Pero era evidente que no lo entendía. Seguro que se preguntaba qué hacía en Cerdeña
cuando sus intereses se hallaban en la otra punta del mundo.
‐La cuestión es ‐se apresuró a explicar ella‐ que ya tenía pagadas mis vacaciones aquí, y
como la herencia me llegó de forma inesperada, decidí que lo mejor era no precipitarse hasta
haber hablado con algunos expertos, de los cuales resulta que hay muchos en Cerdeña. Nunca
he sido impulsiva y éste no me parecía el momento oportuno para empezar a serlo.
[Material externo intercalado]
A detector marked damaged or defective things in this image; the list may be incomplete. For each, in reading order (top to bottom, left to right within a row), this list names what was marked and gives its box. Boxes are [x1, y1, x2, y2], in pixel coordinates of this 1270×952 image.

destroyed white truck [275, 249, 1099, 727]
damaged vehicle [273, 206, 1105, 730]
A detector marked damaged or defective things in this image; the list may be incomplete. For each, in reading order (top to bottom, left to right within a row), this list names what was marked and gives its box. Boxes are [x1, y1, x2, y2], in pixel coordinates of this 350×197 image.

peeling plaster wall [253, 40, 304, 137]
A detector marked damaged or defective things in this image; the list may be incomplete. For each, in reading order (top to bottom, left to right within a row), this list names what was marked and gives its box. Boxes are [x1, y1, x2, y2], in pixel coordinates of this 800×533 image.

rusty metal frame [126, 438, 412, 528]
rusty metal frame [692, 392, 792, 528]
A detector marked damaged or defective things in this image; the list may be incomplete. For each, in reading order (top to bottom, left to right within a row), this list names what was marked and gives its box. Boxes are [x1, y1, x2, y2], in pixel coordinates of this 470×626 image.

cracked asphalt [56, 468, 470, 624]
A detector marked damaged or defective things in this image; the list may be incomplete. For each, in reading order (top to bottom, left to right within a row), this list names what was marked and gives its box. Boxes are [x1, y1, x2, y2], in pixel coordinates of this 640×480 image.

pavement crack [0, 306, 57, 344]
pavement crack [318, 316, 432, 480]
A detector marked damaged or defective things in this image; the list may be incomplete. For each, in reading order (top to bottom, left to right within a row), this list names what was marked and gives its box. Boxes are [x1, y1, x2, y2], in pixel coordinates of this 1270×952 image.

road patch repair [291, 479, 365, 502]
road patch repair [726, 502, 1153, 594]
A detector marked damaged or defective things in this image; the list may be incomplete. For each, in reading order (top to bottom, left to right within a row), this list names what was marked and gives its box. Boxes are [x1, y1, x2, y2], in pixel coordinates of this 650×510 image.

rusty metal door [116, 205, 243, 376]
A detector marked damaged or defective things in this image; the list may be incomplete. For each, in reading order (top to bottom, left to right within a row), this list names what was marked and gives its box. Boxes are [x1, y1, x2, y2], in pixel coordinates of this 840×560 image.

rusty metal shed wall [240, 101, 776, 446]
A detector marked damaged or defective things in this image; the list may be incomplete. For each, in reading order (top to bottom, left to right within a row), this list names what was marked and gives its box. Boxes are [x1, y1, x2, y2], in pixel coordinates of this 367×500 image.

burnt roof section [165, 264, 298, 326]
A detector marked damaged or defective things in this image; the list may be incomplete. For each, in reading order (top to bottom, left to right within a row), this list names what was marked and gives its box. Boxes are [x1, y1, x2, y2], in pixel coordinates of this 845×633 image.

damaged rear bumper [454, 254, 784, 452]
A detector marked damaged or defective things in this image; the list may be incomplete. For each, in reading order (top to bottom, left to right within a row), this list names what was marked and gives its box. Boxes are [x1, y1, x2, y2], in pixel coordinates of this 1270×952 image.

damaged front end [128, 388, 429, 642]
‐Entonces, ¿careces de experiencia en la viticultura?
‐Sí. Soy secretaria jurídica y vivo en Toronto. Y para serte franca, aún me da vueltas la
cabeza al pensar que soy propietaria de una casa y de varios acres de viñedos en la Columbia
Británica... es la provincia más occidental de Canadá, por si no lo sabes.
‐Estoy familiarizado con la Columbia Británica ‐le informó con sequedad, como si incluso un
bebé en pañales tuviera un exhaustivo conocimiento geográfico del segundo país más grande
del mundo. ‐¿Has visto el lugar con tus propios ojos o tu información sobre su estado es de
segunda mano?
‐Pasé un par de días allí la semana pasada.
‐¿Y qué más descubriste?
‐Nada, salvo que está muy abandonado... ah, y que un director‐supervisor ya anciano y dos
perros forman parte de mi legado. Puso los ojos en blanco.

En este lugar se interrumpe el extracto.